Merely hiring a security guard with a criminal record is not negligent hiring in and of itself. The plaintiff must show the employer had specific knowledge its employee might cause the inflicted harm. In Hendrix v. Jinx-Proof LLC, 910 N.Y.S.2d 762 (Sup. Ct. N.Y. Cnty 2010), a plaintiff brought a negligent hiring against a bar after its security guard threw a glass into the plaintiff’s face. The security guard had a criminal history for drug possession and the defendant did not conduct a background check. The defendant was nonetheless entitled to summary judgment dismissing the negligent hiring claim since the defendant is not required to conduct background checks and had no knowledge of the security guard’s propensity to act violently. See Friedman v. Schmalix, 2019 NYLJ LEXIS 1139, at *11 (Dist. Ct. Nassau Cnty. Mar. 1, 2019) (“[A]n employer is under no duty to inquire into the criminal past of a prospective employee.”). 

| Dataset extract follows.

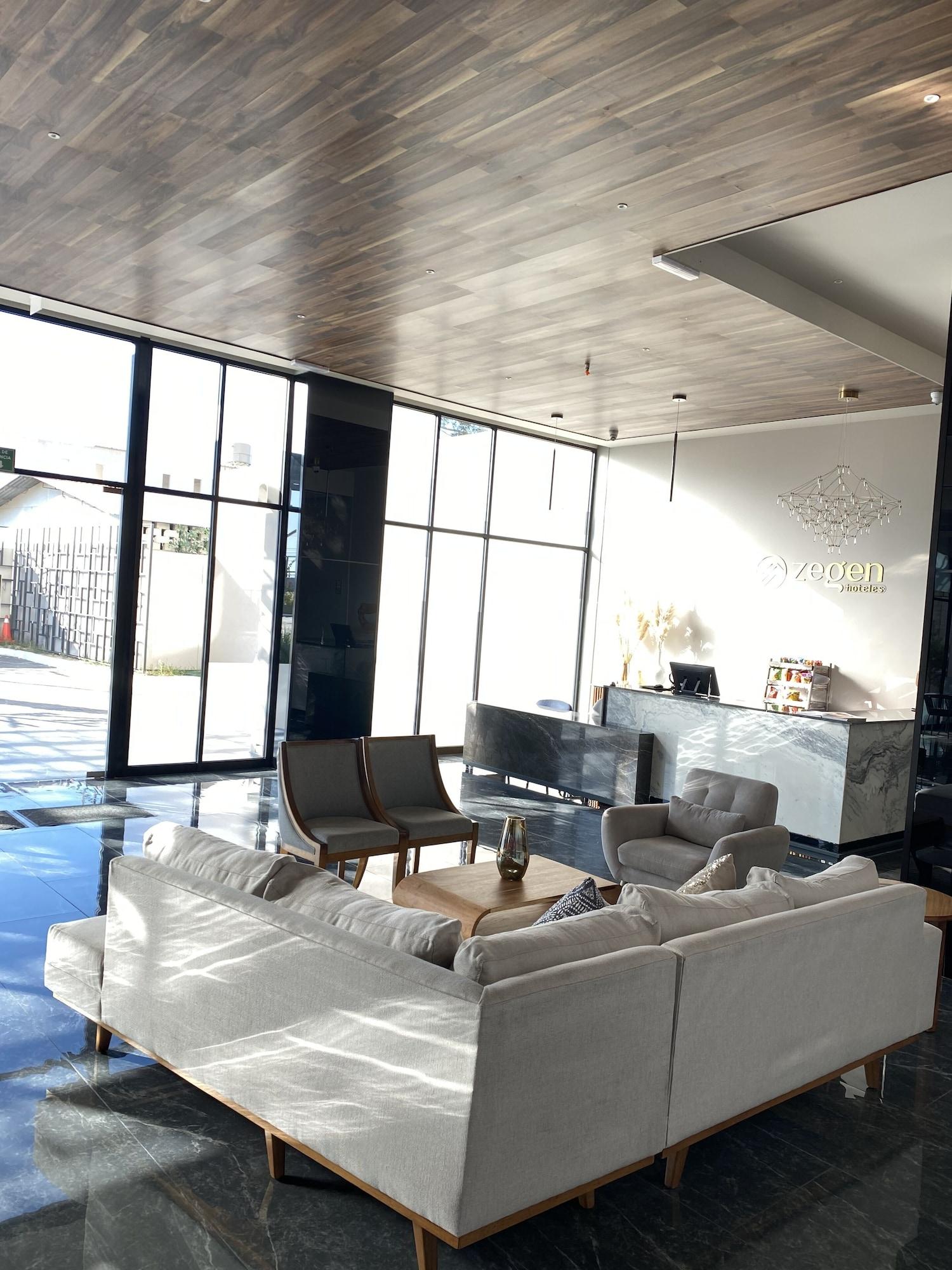 Comodidades del Alojamiento ZEGEN HOTELES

Security guards can be liable for civil rights violations through 42 U.S.C. § 1983. “[T]o state a claim under § 1983, a plaintiff must allege both that: (1) a right secured by the Constitution or laws of the United States was violated, and (2) the right was violated by a person acting under the color of state law, or a ‘state actor.’” Kilayko-Gullas v. E. End Temple, 2020 U.S. Dist. LEXIS 151776, at *4 (S.D.N.Y. Aug. 20, 2020). 

Private security guards are not considered state actors unless they are given state law authority or willfully participate in police conduct. See Coleman v. City of New York, 2020 U.S. Dist. LEXIS 32424 (S.D.N.Y. Feb. 25, 2020) (granting summary judgment for defendant as to § 1983 claims because plaintiff failed to introduce evidence showing the guards were given state law authority or participated in police conduct). 

In New York, security guards acquire state law authority when they are deputized as “special patrolmen” or another comparable title. Courts have also found security guards to act under color of state law when they purport to possess state law authority. In Thomas v. New York City Dep't of Educ., 2015 U.S. Dist. LEXIS 116408 (S.D.N.Y. Sept. 1, 2015), a retired high school teacher created a blog criticizing the school where he used to work. While attempting to hand out business cards about his blog to students, he was approached and removed by the school’s faculty and security. Plaintiff claimed his civil rights were violated and that the school’s security was acting under color of state law. The court stated, “[T]o satisfy the state-action requirement, Plaintiff need not allege that Defendants had actual authority to prevent him from handing out business cards to students; he need allege only that Defendants purported to act according to official power.” Id. at *9. 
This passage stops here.